Here are five things which we learned in abundance from this year’s telecast (not counting the fact that the show could have easily been trimmed by an hour without missing a beat).
#5. Adele has to be the most unassuming superstar in years.
She still sees herself as an underdog, despite having sold three times as many albums last year as her next closest competitor. And she proved that her voice is truly enough when she had the balls to come out tonight and make her first performance since her vocal chord surgeries take place in front of millions. More important, she knocked the ball out of the park, laying bare a powerhouse performance at the heart of the show which was only approached in quality by the Whitney Houston tribute later in the hour by Jennifer Hudson. Adele was by far the biggest winner of the night in more ways than awards can quantify. And if there’s much market she hasn’t saturated with 21 prior to the show, it’s only clearer now that once she actually gets to hit the road and tour to support it, the album’s only going to get bigger.
#4. Rock may be dying, but the Grammys love the Dave Grohl!
The big story may have been Adele’s six big wins, but no less newsworthy was the fact that the Foo Fighters, who won four of their awards off-screen prior to the live show, won five statues and were the leaders up until about 10:20 p.m. Eastern. A big story this year has been the decline of rock radio; a rock radio #1 gets a fraction of the listeners as a Hot 100 #1 does, and most major cities are losing their rock-formatted stations to other formats. But the Foo Fighters were up for Album of the Year against Adele, and had she not had the most dominating album of 2011 by a long shot, this could have been a very different story. Would White Limo beating 21 have been the biggest Grammy upset in years? Quite possibly. But it was never close to happening, and the domination of the album served more to highlight just how few great mainstream rock albums there really were in 2011.
#3. The Grammys continue to fail to understand how much they marginalize hip-hop and rap.
Thankfully, Kanye West and Jay Z, who won Best Rap Performance half an hour into the evening, decided not to show up to accept their award which tends to serve as a “here, hip-hop, we gave you something, now go sit somewhere and shut up” award. It’s hard to stomach Kanye sometimes with his relentless bitching about every perceived mistreatment leveled against him, but he’s had a point about the shabby way even mainstream-accepted rap albums get treated by the academy. At best, you get a nomination for Album of the Year and then lose to a less controversial mainstream album. I’m talking to you, Steely Dan, best remembered for their 2000 album Two Against Nature’s upset of Eminem’s Marshal Mathers LP and Radiohead’s Kid A in that category.
#2. Best New Artist is Grammy’s virtual dart-board pick yet again!
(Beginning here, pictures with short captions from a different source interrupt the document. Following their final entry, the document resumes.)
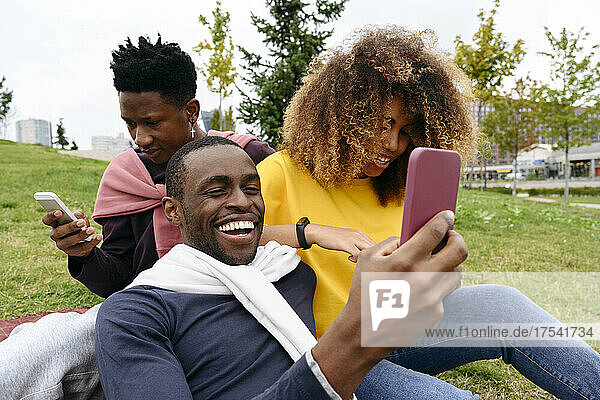 Happy friends using smart phones in park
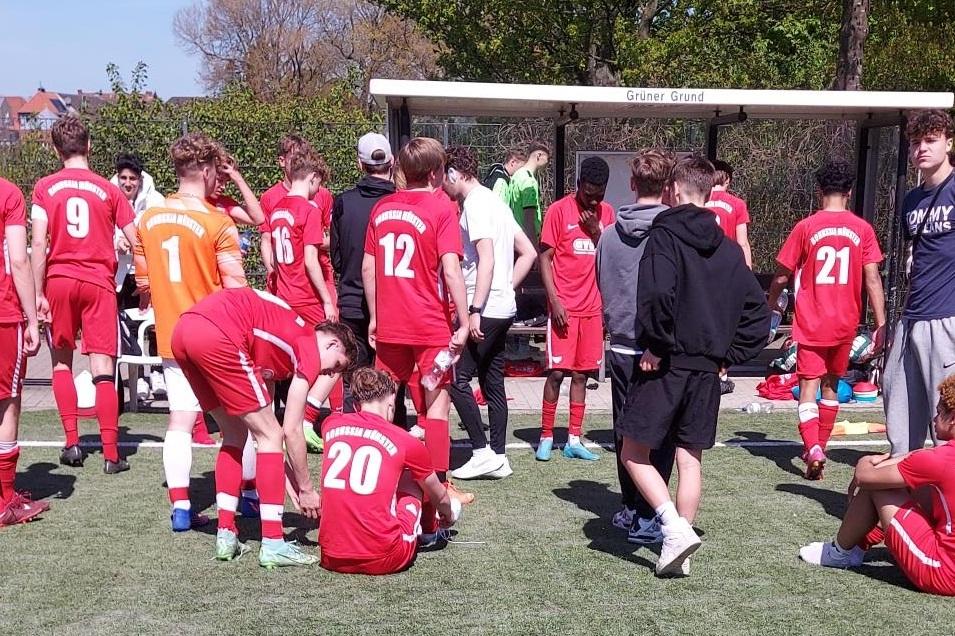 Junge Fu&szlig;ballspieler mit roten Trikots stehen und sitzen auf einem Sportplatz, eine Bank im Hintergrund.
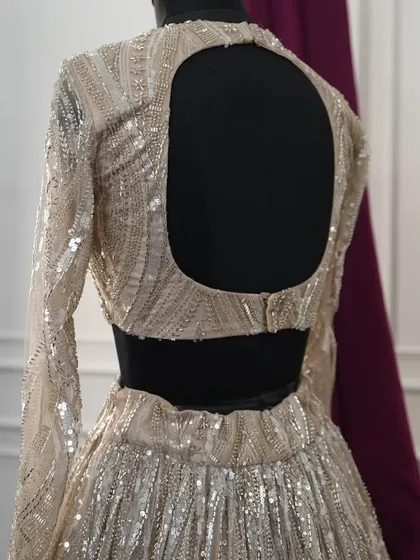 The modern, open-back design of the gold sequin lehenga blouse. This contemporary cut provides a beautiful contrast to the full-coverage long sleeves, adding a touch of allure to the glamorous ensemble.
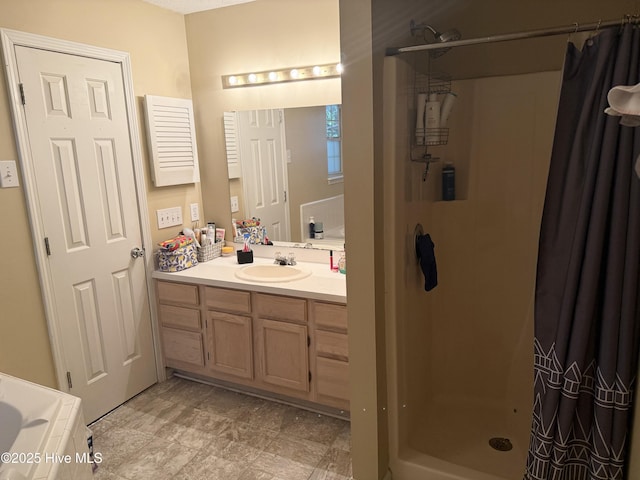 full bath with a shower stall and vanity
Best New Artist tends to be a joke most years simply because of the convoluted way the award is given, frequently to people who are only “new” in the remotest sense: “I haven’t seen it, so it’s new to me!” A case in point was this year’s stunning upset win by indie alternative band Bon Iver, which took Best New Artist for its sophomore album, over Nicki Minaj, who while still not new was at least nominated for her first. Minaj, you might recall, had such mainstream success even six-year-old white Americans were made famous by belting out the Trinidadian-born rapper’s frantic verses. That, and Vernon had publicly snubbed the Grammys after his nomination, saying he didn’t even believe the awards were relevant, and wondered if he should accept — he refused to have the band play live, because they wouldn’t get to play their songs. At least this year’s Twitter bomb of “Who the f— is Bon Iver” comments coming tomorrow will be topped by the “Who is Paul McCartney?” posts after Macca’s two Grammy performances of the night.
#1. People aren’t ready to forgive Chris Brown … at least on the Internet.
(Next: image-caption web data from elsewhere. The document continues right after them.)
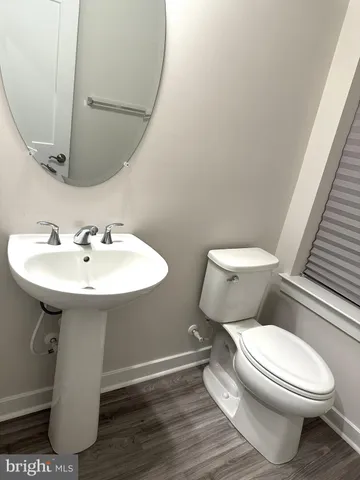a white toilet sitting next to a bathroom sink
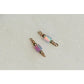 Two beaded charms with iridescent beads on a light gray background opal tube connectors!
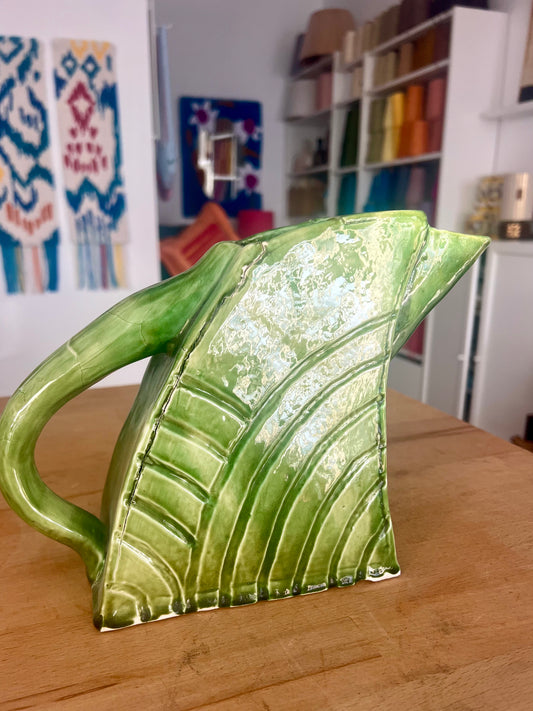 Green ceramic pitcher on a wooden surface with a blurred background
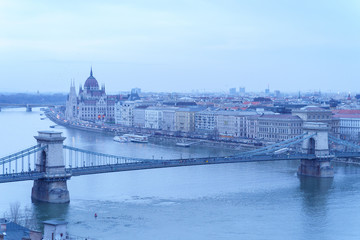 Fototapeta na wymiar Evening view upon Budapest. The Chain Bridge, Palace of Parliament and Danube river are just the perfect trio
I’d been reading this weekend about blow-back relating to the Grammys’ decision to have Chris Brown play the show despite only being three years separated from the pre-Grammy evening when Brown beat then-girlfriend Rihanna, essentially getting a slap on the wrist from the long arm of the law. But I hadn’t expected the Grammy telecast this evening to attempt to force-feed Brown in large doses to America at large. Not only did he perform on the program in the first half hour, he also won Best R&B Album, thanked God for “letting me do my thang!” and then showed up three hours in to perform again in a “tribute to dance.” He can’t, however, have expected the vilification he received online after his win, including tweets comparing him to Jerry Sandusky, among others. The general consensus appears to be that the Grammys and NARAS don’t have much respect for women who buy music, which holds some water considering they actually had the gall to say this of the assault by Brown against Rihanna: “We’re glad to have him back,” said executive producer Ken Ehrlich. “I think people deserve a second chance, you know. If you’ll note, he has not been on the Grammys for the past few years and it may have taken us a while to kind of get over the fact that we were the victim of what happened.” [My emphasis added.] That’s as though to say Rihanna getting punched in the face by Chris Brown hurt the Grammys more than her, and thus we should all be thankful they benched him for two shows. Or as columnist Sasha Pasulka puts it: “It was nice of the Grammys to let him off a couple years early for high record sales good behavior.”